Provided data
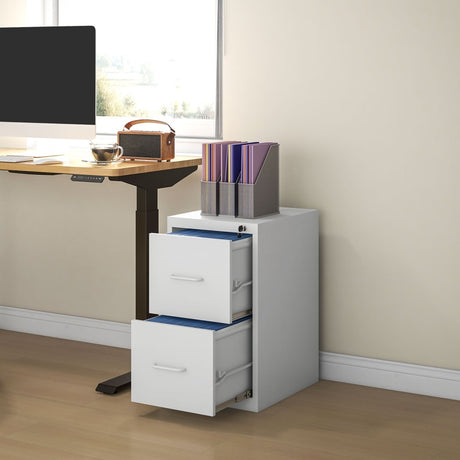 HOMCOM Two-Drawer Modern Steel Filing Cabinet - Cream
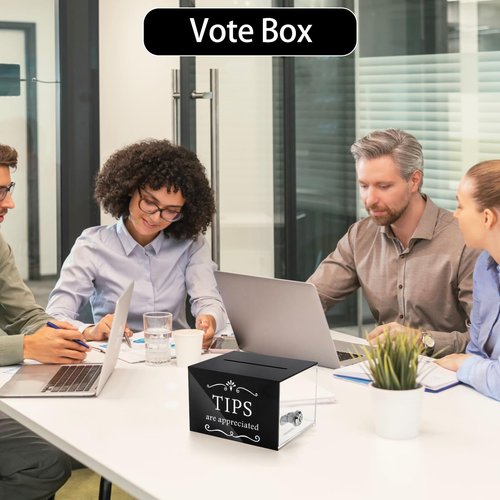 ZEAYEA Tip Jar for Money, 6 x 4 x 5 Inch Acrylic Tip Collection Box with Lock, Wall-Mounted Donation Suggestion Box, Raffle Cash Money Storage Container for Bartender Bar Restaurant Musicians Driver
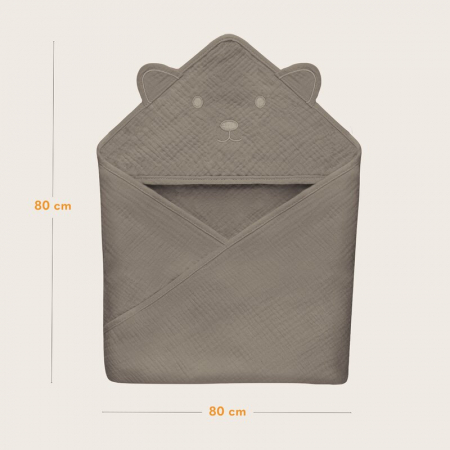Prosop de baie, Lionelo, Cu gluga, Din muselina, 100% bumbac, 80x80 cm, Absorbtie eficienta, Bej inchis [7]
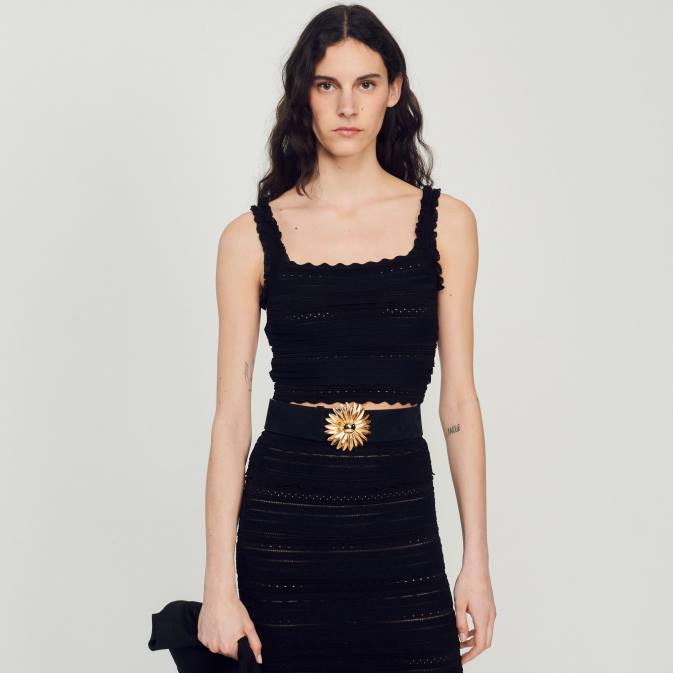 Sandro Paris naiset nahkavyö VLHP569 Lisätarvikkeet musta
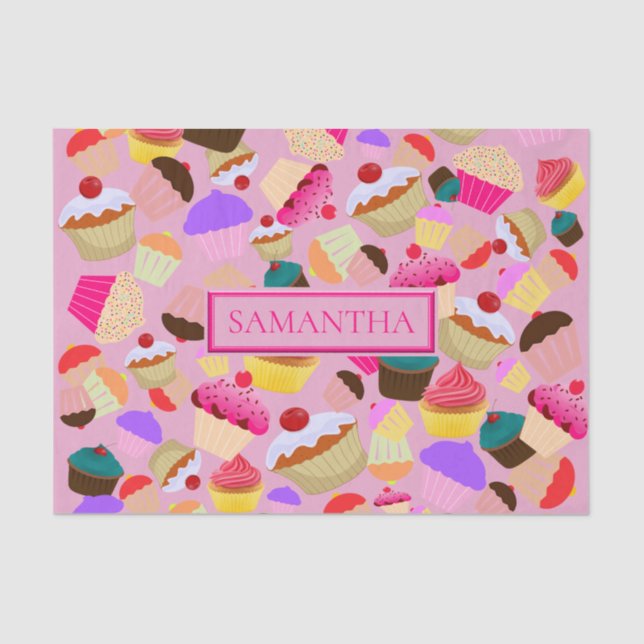 Fun Bright Pink Cupcake - Personalisiert Seidenpapier (Vorderseite)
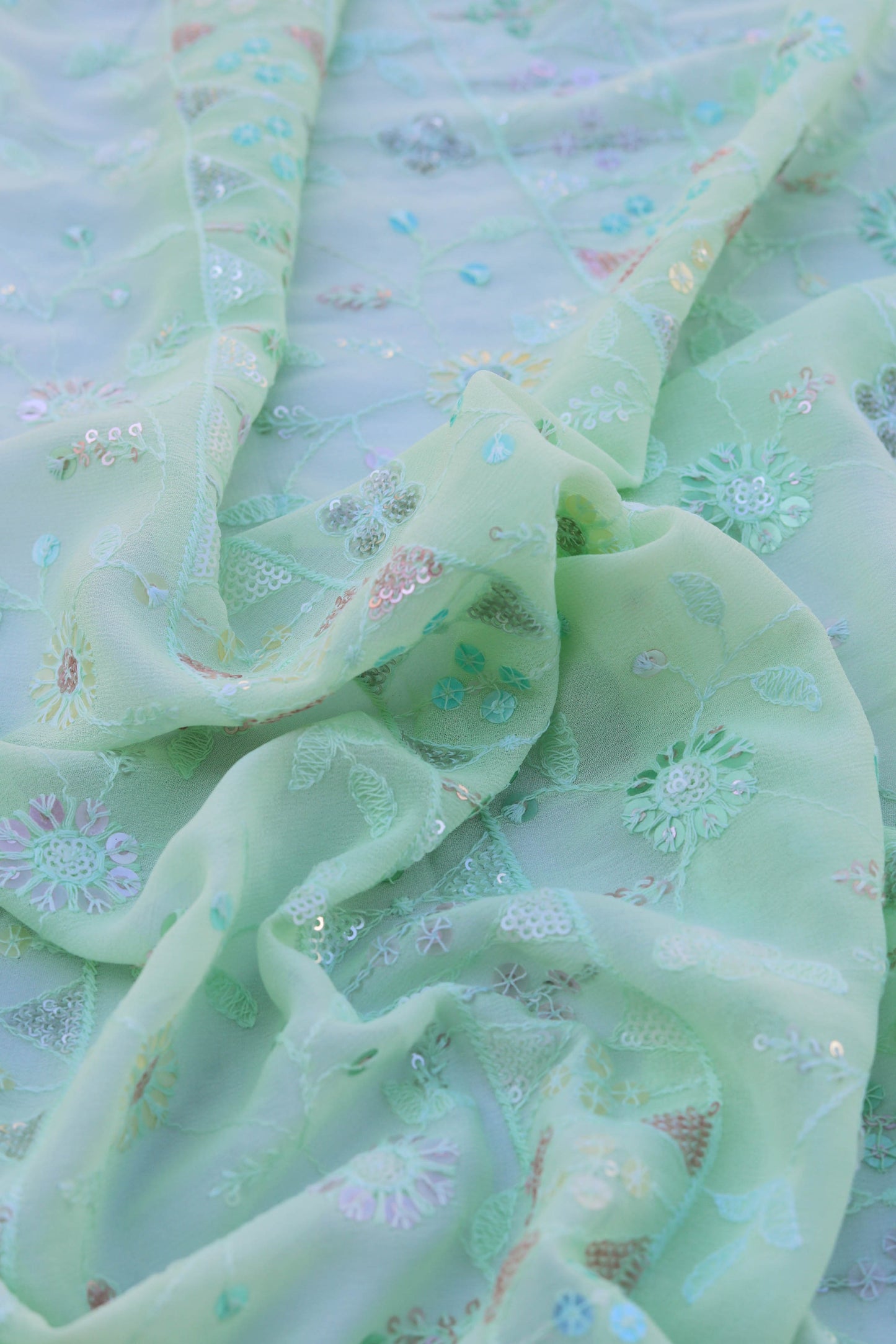 Floral Sequin Embroidered Fabric with Ornate Border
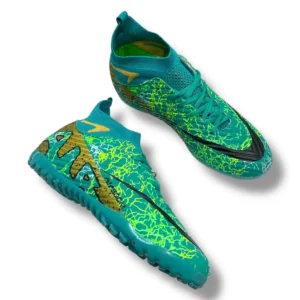 کفش فوتبال فوتسال با جوراب جدید مدل طرح طوسی و طلایی برند LALİGA - 8175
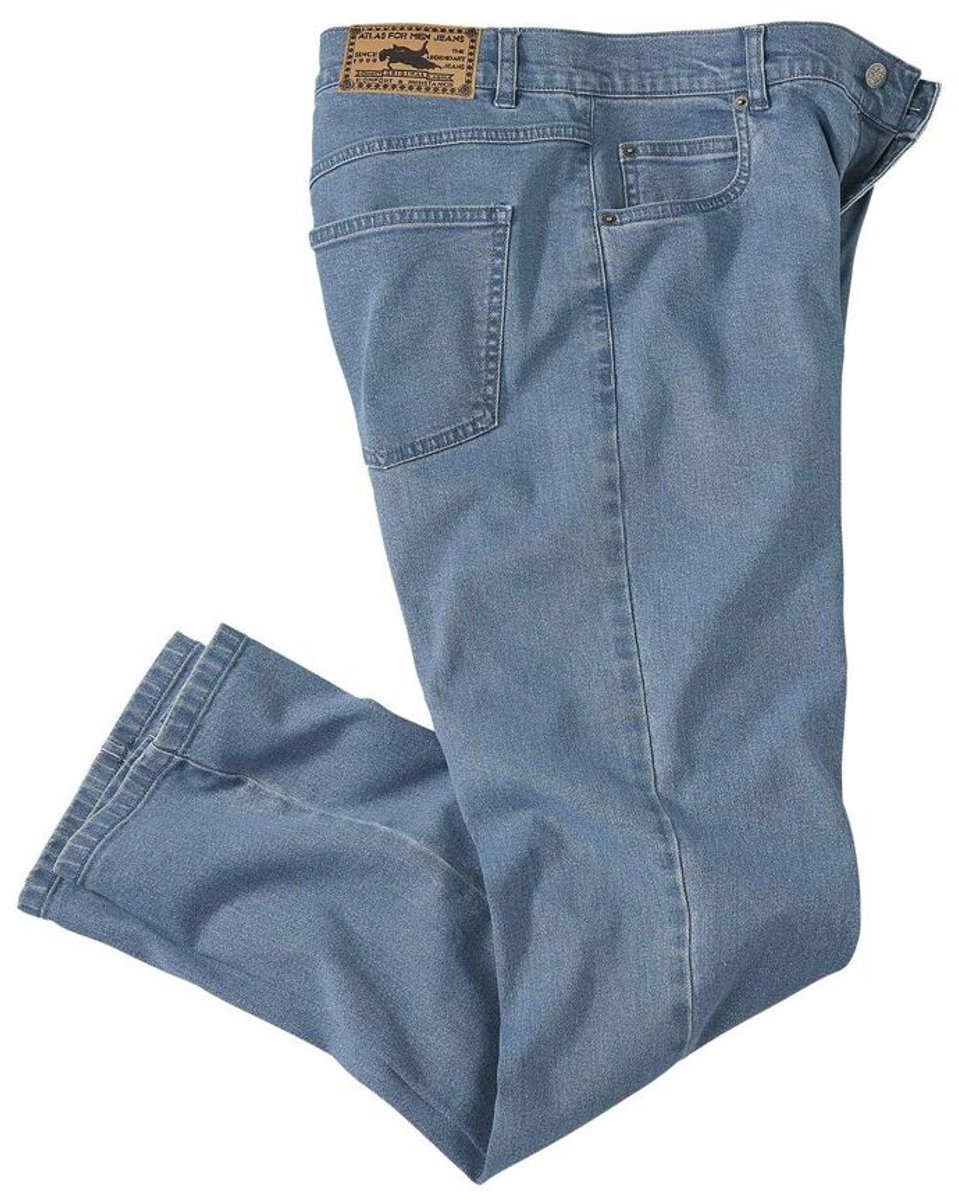 ATLAS FOR MEN - Licht blauwe regular stretch jeans - Heren - Verkrijgbaar in grote maten - W38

Brief
The task calls for every record to be transcribed exactly, with no images included.

Answer section
 HOMCOM Two-Drawer Modern Steel Filing Cabinet - Cream
 ZEAYEA Tip Jar for Money, 6 x 4 x 5 Inch Acrylic Tip Collection Box with Lock, Wall-Mounted Donation Suggestion Box, Raffle Cash Money Storage Container for Bartender Bar Restaurant Musicians Driver
Prosop de baie, Lionelo, Cu gluga, Din muselina, 100% bumbac, 80x80 cm, Absorbtie eficienta, Bej inchis [7]
 Sandro Paris naiset nahkavyö VLHP569 Lisätarvikkeet musta
 Fun Bright Pink Cupcake - Personalisiert Seidenpapier (Vorderseite)
 Floral Sequin Embroidered Fabric with Ornate Border
 کفش فوتبال فوتسال با جوراب جدید مدل طرح طوسی و طلایی برند LALİGA - 8175
 ATLAS FOR MEN - Licht blauwe regular stretch jeans - Heren - Verkrijgbaar in grote maten - W38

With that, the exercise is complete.